Labyrinth: An International Journal for Philosophy, Value Theory and Sociocultural Hermeneutics (Dec 2015)
Some Notes (with Badiou and Žižek) on Event/Truth/Subject/Militant Community in Jean-Paul Sartre's Political Thought
Abstract
The main object of this paper is to examine the new philosophical frame proposed by Alain Badiou and Slavoj Žižek and to show that it implies some traces of Sartre's philosophical and political heritage. According the project of Alain Badiou and Slavoj Žižek one should no longer accept today's constellation of freedom, particularistic truth and democracy, but to (re)inscribe the issues of freedom and universal truth into a political project that attempts to re-activate a thinking of revolution. Their thinking consists in the wager that it is still possible to provide a philosophical frame for this leftist emancipatory position that claims the dimension of the universal against the vicious circle of capitalist globalization-cum-particularization and, by following Marx's claim that there are formal affinities between the ambitions of emancipatory politics and the working mode of capitalism, takes up the struggle of universalism against globalization (capital).

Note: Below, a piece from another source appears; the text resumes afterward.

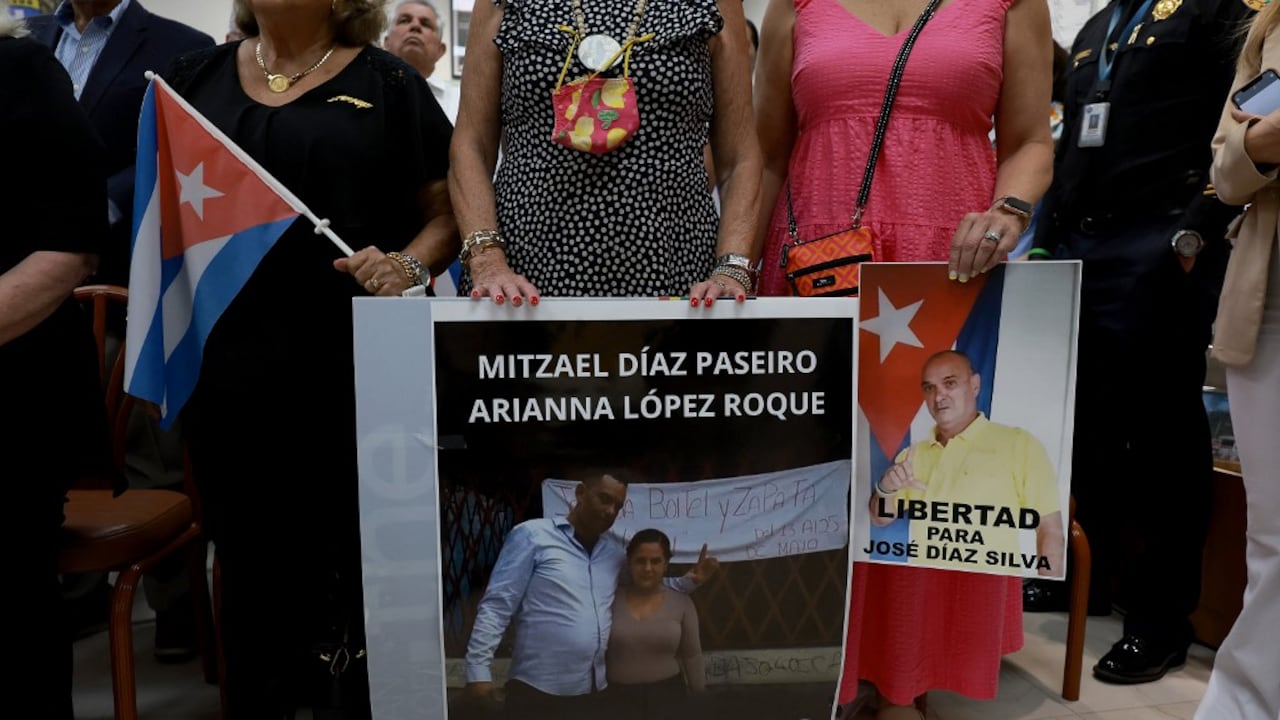 Muchos de los presentes llevaban banderas cubanas, carteles contra Díaz-Canel o con mensajes para exigir la liberación de los arrestados a raíz de las protestas del año pasado.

It is only through this struggle for the universal that the intertwined processes of a constant expansion of the automatism of capital and "a process of fragmentation into closed identities," accompanied by "the culturalist and relativist ideology" (Badiou) can be suspended. It is precisely this constellation of revolutionary act, universal truth, subject, and militant community, that reveal some similarities with Sartre's concepts of the subject, the revolutionary action, the militant community a.o.